Native Plants, Habitat Restoration, and Other Science Snippets from Athens, Georgia

Sunday: 6 October 2013

The Month of September  -  @ 07:01:08
It's The Month of September, Number 92 in a series. Both temperatures (warmer) and precipitation (much drier) took a big turn for us here in northeast Georgia in September.

Here are the usual temperature anomalies products, at the National Weather Service Climate Prediction Center. Displayed is the high and low temperature anomalies.

Click on the image for the high and low anomaly graphic on a new page:



Most of the US was warmer, like us, to much warmer, in the central states. Southern CA and western AZ were much cooler than normal (again), while the northwest continued much warmer. The northeast continued cooler than normal, but warmer than normal temperatures invaded most of the eastern US for the first time in a couple of months.

Again, the high and low anomalies graphic (click on above figure) shows that nights were warmer than days were cool. And again this effect was particularly pronounced for the West, by whatever means.

We find the National Weather Service Climate Prediction Center's precipitation plots here.



For most of the western US, September brought copious amounts of rain, while central CA remained dry for at least the second month. Other than east TX, LA, and MS, the rest of the country east of center remained normal, or drier than normal, especially the midwest.

For the Athens, GA area:

Below is what I've finally come up with as a daily rain/temperature plot. The spiky lines are temperatures recorded during the days, and the lighter blue bars are Wolfskin rainfall measurements.

The black line is the normal average daily temperature, and you can see that we're distinctly on our downward fall toward autumn.



As in August, the daily highs seldom went above 90, though this is not unusual in September. The rainfall that began in June and continued through August finally came to an end for us. We only had two precipitation events resulting in a total of 2.17", while 3.94" is normal. Athens claimed 2.42".

We did not break any records in September. The average monthly temperature for September was 73.2 degF, just 1.7 deg lower than the 30-year average of 74.9. Cooler, yes, but not nearly as cool as August's 5 degF departure.

We ended up with 0 days more than 1 standard deviation above normal highs, and 1 night with temperatures more than 1 standard deviation below normal lows.

The monthly histogram below shows the breakdown of high and low temperature range counts from September 1948 on. The error bars are just plus/minus one standard deviation, which I arbitrarily set as the limits outside of which are "significantly" anomalous.



This time the histogram reflects fairly well the average temperatures for September. There was virtually no difference between last month and the average September in the number of days experiencing any particular range.

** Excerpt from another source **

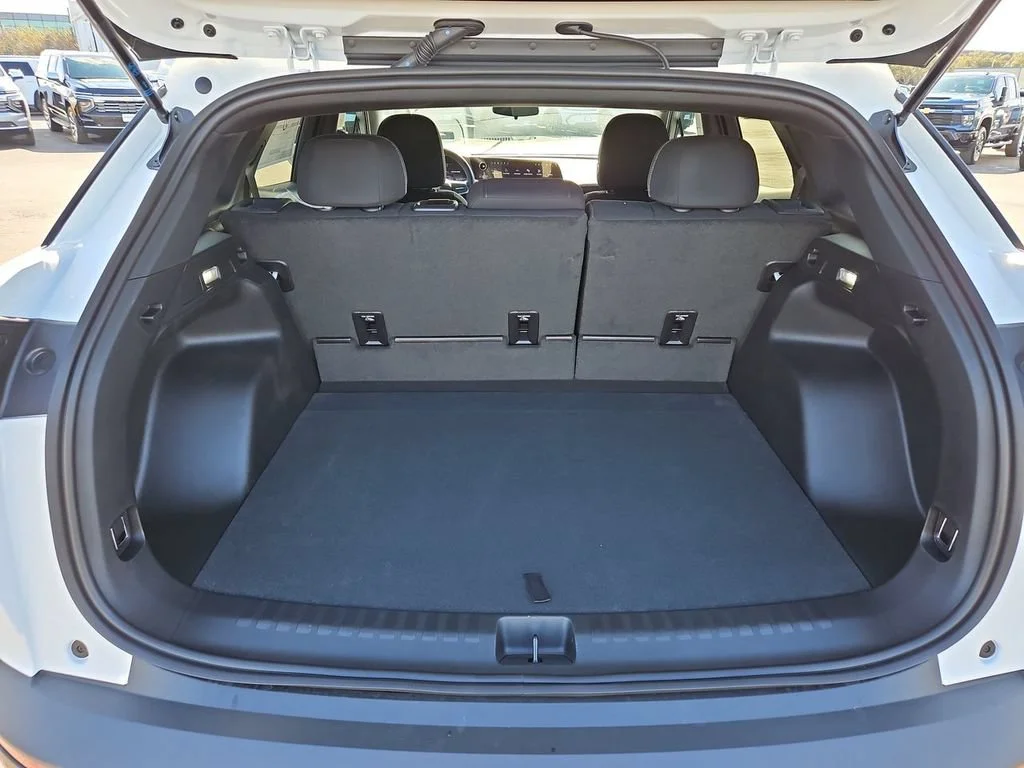 New 2026 Summit White Chevrolet LT image 24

Last but not least, the figure below shows the Athens precipitation data which are official for our area. As usual the green line shows our actual rainfall, the red shows the average accumulation expected. The black dots are rainfall over the last 22 years, and the river of peach shows the standard deviation.

We finally have a plot that shows a rainfall deficit. Official Athens rainfall was at 2.42", just 60% of normal. It never really seemed dry, though, with so much rain the previous three months. I think it took that 4 weeks with no rain (Aug 22-Sep 20) just to dry out completely.

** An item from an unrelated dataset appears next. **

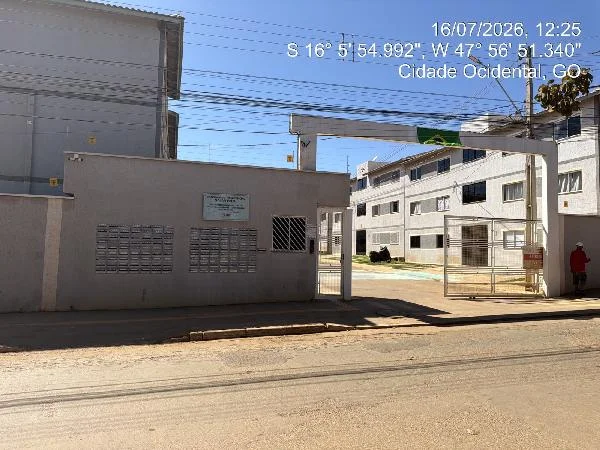 Apartamento - 2 Quartos - Cidade Ocidental - Ocupado — foto 2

At nearly 51" right now, we're 3" above normal rainfall for the year, with three months remaining.


Prognosticator stuff:

What is the neat prognosticator telling us? For us here in the southeast, it has been accurate over the last three months for temperature and precipitation. As of 5 October, it tells us in the Southeast that we can expect several weeks of much warmer temperatures. As I look at the forecast for the next ten days it looks like tomorrow will drop 10 degF for the foreseeable future, so I'm not so sure about the prognosticator there. Thereafter we'll have an equal chance of normal temperatures through December. The picture is quite different elsewhere, so be sure to take a look if you're not close by us.

Precipitation will be highly variable across the US, but at least in Athens the three month outlook will be for equal chances of rainfall after we get through this dry spell in the nest week or so.

ENSO stuff:

The folks at CPC have a version of PDF or HTML that is much different from their previous presentations, but at least it's there and the link isn't broken.

As of Sep 30, ENSO neutral conditions continue, and are expected to remain neutral throughout the Northern Hemisphere winter. We've remained ENSO neutral now for 16 months. The last time we had such a lengthy period without an El Niño or La Niña was 2005-2006.

NOAA's Monthly State of the Climate product for August is available, or will be when the government shutdown is over. And last year's annual report for 2012 regionally, nationally, and globally is also available.